Alice Herrmann (1897-1990) en 1916 Future épouse de Jean |
Et le mariage ? Je pense depuis longtemps à Alice Herrmann. On nous taquinait autrefois sur notre amitié d’enfants. Ces dernières années nous nous sommes à peine entrevus. Mais elle réunit à mes yeux toutes les qualités d’intelligence, de charme, d’énergie et de bonté. J’aime sa nature à la fois ardente et paisible.
J’ai gardé une grande réserve car je sais que je ne la vaux pas et puis il y a aussi cette différence de situation entre sa famille et la mienne qui, dans la bourgeoisie dresse parfois entre les jeunes gens des barrières infranchissables. Pourtant s’il m’arrivait d’arrêter ma pensée sur une autre j’avais l’impression d’une sorte d’infidélité vis-à-vis d’Alice.
Maintenant, je sais qu’elle est devenue membre active et ardente de la « Fédé », qu’elle a de fermes convictions chrétiennes, nous appartenons à ce petit groupe, qui est dans l’église une famille à part. La perspective change. Elle s’associerait à ma tâche de pasteur et comprendrait le ministère comme moi. J’ai la conviction que rien ne peut plus nous séparer. Mais je ne veux rien montrer de mes sentiments tant que la guerre n’est pas finie.

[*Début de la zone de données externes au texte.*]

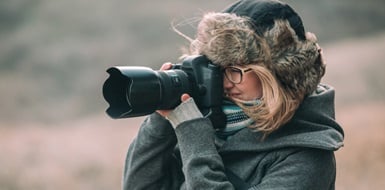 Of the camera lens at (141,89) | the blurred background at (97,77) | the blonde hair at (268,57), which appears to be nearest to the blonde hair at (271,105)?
the blonde hair at (268,57)

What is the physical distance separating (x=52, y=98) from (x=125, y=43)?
1.86ft

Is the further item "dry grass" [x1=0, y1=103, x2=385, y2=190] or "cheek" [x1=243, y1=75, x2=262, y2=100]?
"dry grass" [x1=0, y1=103, x2=385, y2=190]

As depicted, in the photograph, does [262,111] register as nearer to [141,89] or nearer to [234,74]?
[234,74]

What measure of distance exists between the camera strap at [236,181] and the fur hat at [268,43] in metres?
0.16

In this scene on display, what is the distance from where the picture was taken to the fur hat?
1.09m

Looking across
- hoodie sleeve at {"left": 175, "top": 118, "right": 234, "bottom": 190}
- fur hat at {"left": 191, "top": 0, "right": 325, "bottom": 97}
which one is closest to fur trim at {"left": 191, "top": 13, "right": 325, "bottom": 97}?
fur hat at {"left": 191, "top": 0, "right": 325, "bottom": 97}

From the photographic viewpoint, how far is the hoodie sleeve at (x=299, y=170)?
1.09 metres

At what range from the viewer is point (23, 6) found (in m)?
4.58

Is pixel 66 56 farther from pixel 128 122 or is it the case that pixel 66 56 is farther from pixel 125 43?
pixel 128 122

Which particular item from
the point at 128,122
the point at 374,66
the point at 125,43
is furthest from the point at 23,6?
the point at 374,66

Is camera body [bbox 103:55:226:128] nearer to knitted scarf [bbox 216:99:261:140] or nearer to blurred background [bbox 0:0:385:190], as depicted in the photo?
knitted scarf [bbox 216:99:261:140]

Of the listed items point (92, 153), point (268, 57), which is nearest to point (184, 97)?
point (268, 57)

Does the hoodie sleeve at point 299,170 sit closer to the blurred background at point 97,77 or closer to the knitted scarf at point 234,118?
the knitted scarf at point 234,118

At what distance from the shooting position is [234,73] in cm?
112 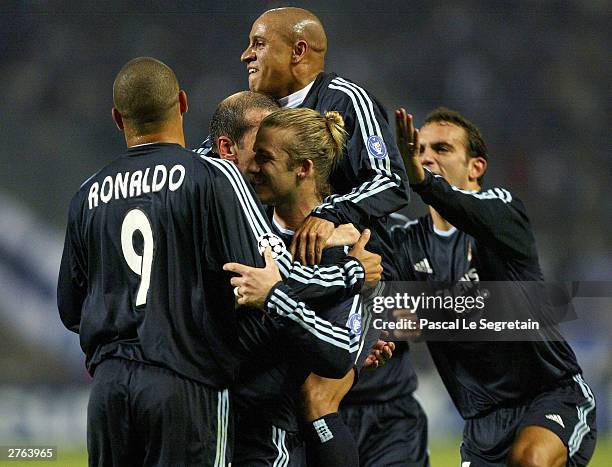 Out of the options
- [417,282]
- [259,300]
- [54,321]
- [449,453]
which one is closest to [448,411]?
[449,453]

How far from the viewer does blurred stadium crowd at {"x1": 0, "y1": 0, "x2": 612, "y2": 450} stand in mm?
6781

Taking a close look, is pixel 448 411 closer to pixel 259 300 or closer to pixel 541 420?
pixel 541 420

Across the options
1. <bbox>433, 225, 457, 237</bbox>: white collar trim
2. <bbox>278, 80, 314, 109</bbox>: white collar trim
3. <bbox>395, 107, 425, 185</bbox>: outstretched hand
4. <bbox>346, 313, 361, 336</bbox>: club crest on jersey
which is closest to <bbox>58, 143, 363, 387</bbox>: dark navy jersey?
<bbox>346, 313, 361, 336</bbox>: club crest on jersey

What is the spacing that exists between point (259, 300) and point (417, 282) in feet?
9.41

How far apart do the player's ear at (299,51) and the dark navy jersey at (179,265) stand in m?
1.28

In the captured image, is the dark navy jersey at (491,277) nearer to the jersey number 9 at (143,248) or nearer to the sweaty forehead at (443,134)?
the sweaty forehead at (443,134)

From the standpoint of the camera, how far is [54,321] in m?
6.85

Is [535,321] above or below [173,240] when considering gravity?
above

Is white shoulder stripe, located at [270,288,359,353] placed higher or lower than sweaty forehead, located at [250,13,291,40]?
lower

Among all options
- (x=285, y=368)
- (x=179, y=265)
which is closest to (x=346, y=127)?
(x=285, y=368)

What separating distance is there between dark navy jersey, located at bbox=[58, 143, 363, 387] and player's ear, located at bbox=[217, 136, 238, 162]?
65cm

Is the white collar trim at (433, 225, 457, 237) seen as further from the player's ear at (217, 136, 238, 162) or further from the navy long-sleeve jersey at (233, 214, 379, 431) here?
the navy long-sleeve jersey at (233, 214, 379, 431)

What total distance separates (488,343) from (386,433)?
2.22ft

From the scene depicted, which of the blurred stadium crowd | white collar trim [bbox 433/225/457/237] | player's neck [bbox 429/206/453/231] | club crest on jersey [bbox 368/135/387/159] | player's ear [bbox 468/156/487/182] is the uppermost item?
the blurred stadium crowd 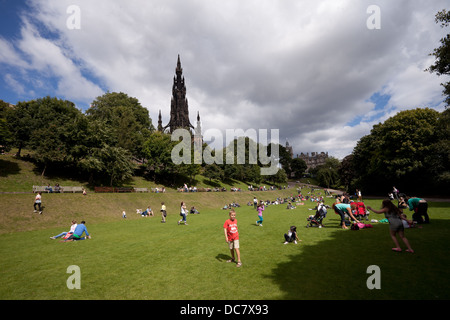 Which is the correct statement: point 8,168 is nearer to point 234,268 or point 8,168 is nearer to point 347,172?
point 234,268

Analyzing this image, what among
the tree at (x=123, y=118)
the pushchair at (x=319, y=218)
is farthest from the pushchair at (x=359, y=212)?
the tree at (x=123, y=118)

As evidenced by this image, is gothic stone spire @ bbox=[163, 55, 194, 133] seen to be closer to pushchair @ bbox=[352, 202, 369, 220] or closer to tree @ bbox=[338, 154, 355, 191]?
tree @ bbox=[338, 154, 355, 191]

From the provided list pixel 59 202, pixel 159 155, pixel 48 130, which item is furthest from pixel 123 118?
pixel 59 202

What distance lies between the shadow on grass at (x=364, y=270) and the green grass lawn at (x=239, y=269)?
23 millimetres

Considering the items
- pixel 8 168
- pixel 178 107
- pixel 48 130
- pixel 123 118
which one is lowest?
pixel 8 168

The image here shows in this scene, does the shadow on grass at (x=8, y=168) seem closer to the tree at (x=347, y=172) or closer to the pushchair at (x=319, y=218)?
the pushchair at (x=319, y=218)

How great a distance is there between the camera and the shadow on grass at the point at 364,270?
4.57 metres

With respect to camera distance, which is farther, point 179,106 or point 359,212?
point 179,106

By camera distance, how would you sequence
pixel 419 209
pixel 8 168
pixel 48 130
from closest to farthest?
pixel 419 209
pixel 8 168
pixel 48 130

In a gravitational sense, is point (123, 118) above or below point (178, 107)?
below

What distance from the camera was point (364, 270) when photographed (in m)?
A: 5.79

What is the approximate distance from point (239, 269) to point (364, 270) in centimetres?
371

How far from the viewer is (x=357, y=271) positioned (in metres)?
5.75

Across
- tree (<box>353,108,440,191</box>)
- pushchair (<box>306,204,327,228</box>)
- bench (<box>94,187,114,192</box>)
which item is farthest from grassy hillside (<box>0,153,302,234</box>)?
tree (<box>353,108,440,191</box>) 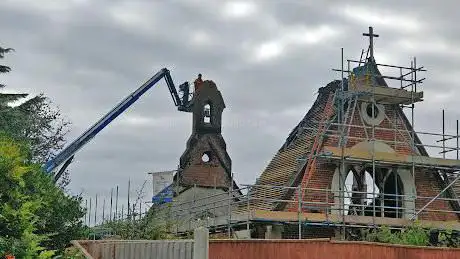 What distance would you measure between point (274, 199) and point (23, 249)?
14540 mm

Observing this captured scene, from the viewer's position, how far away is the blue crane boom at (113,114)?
4166cm

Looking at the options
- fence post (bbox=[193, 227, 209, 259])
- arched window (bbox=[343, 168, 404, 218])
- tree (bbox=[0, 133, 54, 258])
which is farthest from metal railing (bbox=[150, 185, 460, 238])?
fence post (bbox=[193, 227, 209, 259])

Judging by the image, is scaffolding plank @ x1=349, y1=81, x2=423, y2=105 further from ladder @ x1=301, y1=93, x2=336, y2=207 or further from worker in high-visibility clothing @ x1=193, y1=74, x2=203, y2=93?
worker in high-visibility clothing @ x1=193, y1=74, x2=203, y2=93

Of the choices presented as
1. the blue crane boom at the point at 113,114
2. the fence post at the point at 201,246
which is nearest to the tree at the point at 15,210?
the fence post at the point at 201,246

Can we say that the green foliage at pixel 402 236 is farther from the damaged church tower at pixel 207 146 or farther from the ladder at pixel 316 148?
the damaged church tower at pixel 207 146

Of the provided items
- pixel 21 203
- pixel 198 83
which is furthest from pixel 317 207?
pixel 198 83

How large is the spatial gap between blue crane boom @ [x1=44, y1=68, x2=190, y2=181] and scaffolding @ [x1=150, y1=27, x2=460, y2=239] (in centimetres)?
1407

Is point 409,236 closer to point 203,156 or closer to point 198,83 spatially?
point 203,156

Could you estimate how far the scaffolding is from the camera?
83.7 feet

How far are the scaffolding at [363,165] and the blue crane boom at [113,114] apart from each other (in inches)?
554

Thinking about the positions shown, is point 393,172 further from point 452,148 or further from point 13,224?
point 13,224

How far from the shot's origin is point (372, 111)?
28203mm

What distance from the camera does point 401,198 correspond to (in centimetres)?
2748

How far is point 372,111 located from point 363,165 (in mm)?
2228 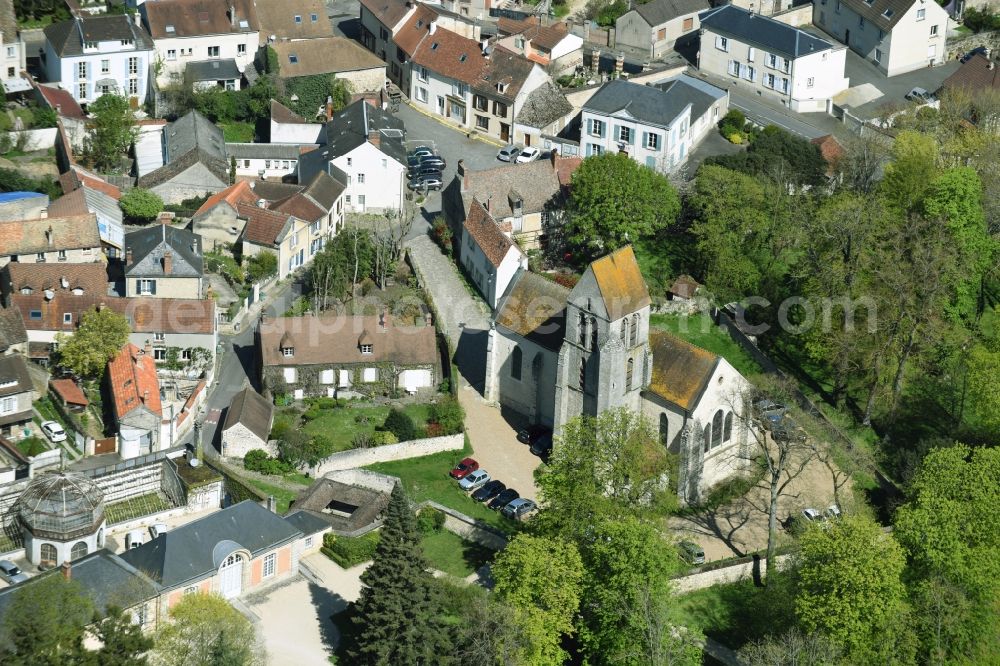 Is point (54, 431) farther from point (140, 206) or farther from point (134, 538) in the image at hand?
point (140, 206)

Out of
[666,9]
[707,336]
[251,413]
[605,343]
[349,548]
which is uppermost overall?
[666,9]

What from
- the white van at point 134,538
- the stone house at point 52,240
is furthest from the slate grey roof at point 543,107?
the white van at point 134,538

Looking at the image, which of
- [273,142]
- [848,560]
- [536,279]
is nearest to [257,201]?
[273,142]

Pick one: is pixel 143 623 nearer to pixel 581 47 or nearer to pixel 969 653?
pixel 969 653

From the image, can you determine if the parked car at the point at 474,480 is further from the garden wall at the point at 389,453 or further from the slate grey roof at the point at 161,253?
the slate grey roof at the point at 161,253

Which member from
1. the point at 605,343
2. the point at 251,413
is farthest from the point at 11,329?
the point at 605,343

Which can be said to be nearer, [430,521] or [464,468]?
[430,521] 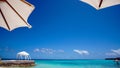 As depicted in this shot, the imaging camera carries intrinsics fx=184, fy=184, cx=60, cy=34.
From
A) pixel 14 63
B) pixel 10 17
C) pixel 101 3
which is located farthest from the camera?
pixel 14 63

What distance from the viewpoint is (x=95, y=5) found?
13.1 ft

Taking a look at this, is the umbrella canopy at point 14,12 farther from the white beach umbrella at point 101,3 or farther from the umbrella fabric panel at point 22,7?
the white beach umbrella at point 101,3

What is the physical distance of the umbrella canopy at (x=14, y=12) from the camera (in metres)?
3.81

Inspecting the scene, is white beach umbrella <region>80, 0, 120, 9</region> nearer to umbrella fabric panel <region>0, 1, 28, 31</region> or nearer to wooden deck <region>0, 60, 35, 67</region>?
umbrella fabric panel <region>0, 1, 28, 31</region>

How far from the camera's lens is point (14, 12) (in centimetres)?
405

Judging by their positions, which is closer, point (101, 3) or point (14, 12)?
point (101, 3)

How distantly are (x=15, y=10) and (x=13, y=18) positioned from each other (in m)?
0.27

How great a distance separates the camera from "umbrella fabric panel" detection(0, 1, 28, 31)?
3849 millimetres

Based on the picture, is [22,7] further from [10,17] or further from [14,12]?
[10,17]

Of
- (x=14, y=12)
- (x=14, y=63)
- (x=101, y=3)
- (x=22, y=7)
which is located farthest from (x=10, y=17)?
(x=14, y=63)

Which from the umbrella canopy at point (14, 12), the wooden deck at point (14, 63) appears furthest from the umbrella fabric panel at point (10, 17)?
the wooden deck at point (14, 63)

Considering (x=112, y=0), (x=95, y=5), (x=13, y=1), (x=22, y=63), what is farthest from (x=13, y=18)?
(x=22, y=63)

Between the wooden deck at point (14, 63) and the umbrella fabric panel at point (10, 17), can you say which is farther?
the wooden deck at point (14, 63)

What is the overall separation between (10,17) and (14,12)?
197 millimetres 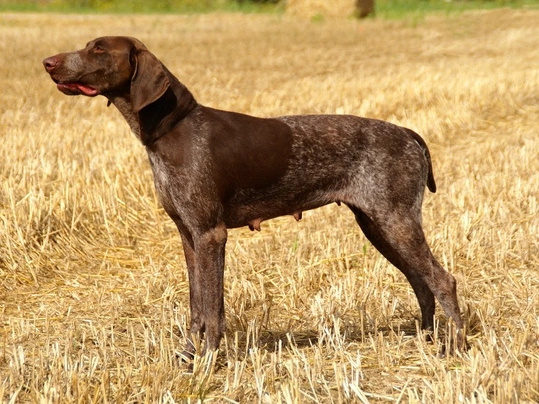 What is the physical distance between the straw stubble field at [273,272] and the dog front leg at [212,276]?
12 cm

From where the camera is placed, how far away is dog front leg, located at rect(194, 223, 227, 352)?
532 centimetres

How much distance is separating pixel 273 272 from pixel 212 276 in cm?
197

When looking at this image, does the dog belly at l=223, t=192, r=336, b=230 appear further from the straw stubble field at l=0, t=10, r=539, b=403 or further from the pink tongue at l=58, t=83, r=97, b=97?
the pink tongue at l=58, t=83, r=97, b=97

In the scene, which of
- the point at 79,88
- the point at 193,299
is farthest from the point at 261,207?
the point at 79,88

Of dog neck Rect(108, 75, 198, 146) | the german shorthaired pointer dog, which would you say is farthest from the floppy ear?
dog neck Rect(108, 75, 198, 146)

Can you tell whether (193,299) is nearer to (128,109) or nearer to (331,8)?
(128,109)

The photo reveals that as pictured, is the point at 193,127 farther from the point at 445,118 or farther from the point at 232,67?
the point at 232,67

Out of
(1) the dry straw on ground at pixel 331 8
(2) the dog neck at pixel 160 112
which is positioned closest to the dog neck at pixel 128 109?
(2) the dog neck at pixel 160 112

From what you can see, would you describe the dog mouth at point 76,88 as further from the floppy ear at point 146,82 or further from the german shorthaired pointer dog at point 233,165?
the floppy ear at point 146,82

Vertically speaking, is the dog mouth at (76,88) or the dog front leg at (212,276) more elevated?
the dog mouth at (76,88)

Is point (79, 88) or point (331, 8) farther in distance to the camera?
point (331, 8)

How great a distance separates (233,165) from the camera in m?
5.38

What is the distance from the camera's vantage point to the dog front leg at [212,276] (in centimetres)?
532

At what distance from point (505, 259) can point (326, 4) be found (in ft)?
84.9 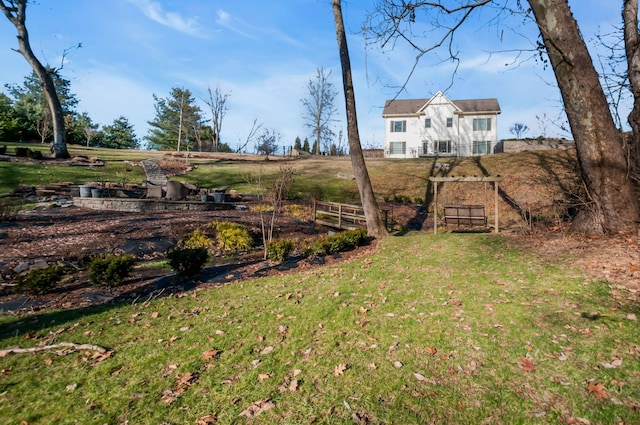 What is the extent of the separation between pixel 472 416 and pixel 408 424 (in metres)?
0.53

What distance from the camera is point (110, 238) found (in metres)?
9.63

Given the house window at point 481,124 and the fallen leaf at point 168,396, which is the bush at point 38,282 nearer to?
the fallen leaf at point 168,396

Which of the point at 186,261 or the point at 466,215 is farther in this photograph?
the point at 466,215

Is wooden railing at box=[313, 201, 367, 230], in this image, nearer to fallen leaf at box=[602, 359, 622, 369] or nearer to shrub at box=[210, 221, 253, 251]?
shrub at box=[210, 221, 253, 251]

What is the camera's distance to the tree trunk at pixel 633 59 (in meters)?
6.75

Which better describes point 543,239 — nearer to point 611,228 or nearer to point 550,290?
point 611,228

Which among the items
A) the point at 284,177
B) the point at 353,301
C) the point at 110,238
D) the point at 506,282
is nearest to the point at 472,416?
the point at 353,301

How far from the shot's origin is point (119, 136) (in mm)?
54469

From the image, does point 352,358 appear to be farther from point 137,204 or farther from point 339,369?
point 137,204

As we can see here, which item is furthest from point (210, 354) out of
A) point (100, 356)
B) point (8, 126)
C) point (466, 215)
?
point (8, 126)

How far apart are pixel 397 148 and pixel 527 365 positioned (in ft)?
131

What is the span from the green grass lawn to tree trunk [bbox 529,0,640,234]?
2.01 metres

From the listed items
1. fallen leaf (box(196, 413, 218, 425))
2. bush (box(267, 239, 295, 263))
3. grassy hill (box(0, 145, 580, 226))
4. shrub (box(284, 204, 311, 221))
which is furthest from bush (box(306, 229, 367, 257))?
grassy hill (box(0, 145, 580, 226))

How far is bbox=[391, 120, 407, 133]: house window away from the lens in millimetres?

Ma sœur, qui est ma confidente, m’a fait remarquer qu’Alice pourrait être demandée par un autre que moi. Elle m’a proposé de voir Madame Herrmann et de lui faire part à la fois de mes sentiments et de mes scrupules. Si un autre se déclare Alice sera ainsi prévenue et saura qu’il n’est pas le seul sur les rangs. C’est entendu. J’apprends avec beaucoup de soulagement que Monsieur et Madame Herrmann ont accueilli cette démarche sans aucun déplaisir et avec un parfait désintéressement.